#include <stdio.h>
void main()
{
int p[]={0,1,2,3,4};
int *a[]={p,p+1,p+2,p+3,p+4};
printf("%u %u %u",a,*a,*(*a));
}
What *(*a) will print(will it print 0 or it's address)? And if we make array p as static(static int p[]), output gets changed .Why?
First of all, I think you mean 3 %u's and not 4. Second, you shouldn't concern yourself with the output of the first 2: a and *a because they are the addresses assigned by the OS.
Now to answer your question, in the first case, when you're not using static, the code space for data is allocated on the stack, and the OS uses randomization techniques, for security purposes to change the address of the variables. Which is why, the output of a and *a keeps changing. However, once you declare p as static, it gets allocated in the data region, which is NOT randomized by the OS, and hence you get *a output as constant. BUT, a still is non-static, and hence its output will change everytime you run the program, because it is still allocated on the stack. I hope this answers your question.

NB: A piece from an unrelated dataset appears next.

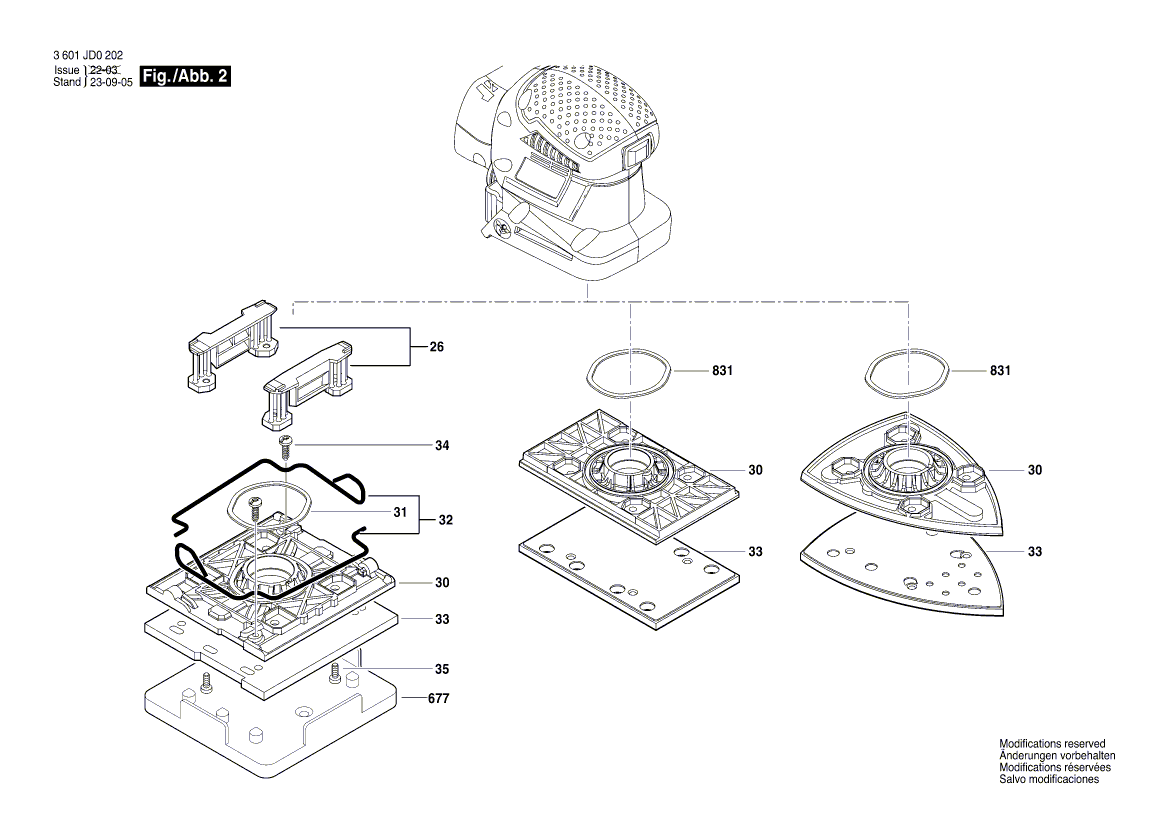 New Genuine Bosch 2609199810 Sander Plate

If you mean that in the first case a and *a are very close and in the second case they are not, my answer answers that too.
To see this code output, just run this code:)
Output is changed, because static variable is not allocated on the stack. This is actually global variable, available only the function where it is declared. Therefore, its address is not equal to a local variable address.
What should be the output of the above code?
Undefined. I don't think you can expect %u to correspond to a pointer type. What if on some platform/compiler a pointer is larger than an unsigned? If you want to print pointer types you should use %p.
And if we make array p as static(static int p[]), output gets changed .Why?
Without static, this variable gets placed on the stack. With static, it gets placed in static storage (like a global variable). These regions have different memory locations.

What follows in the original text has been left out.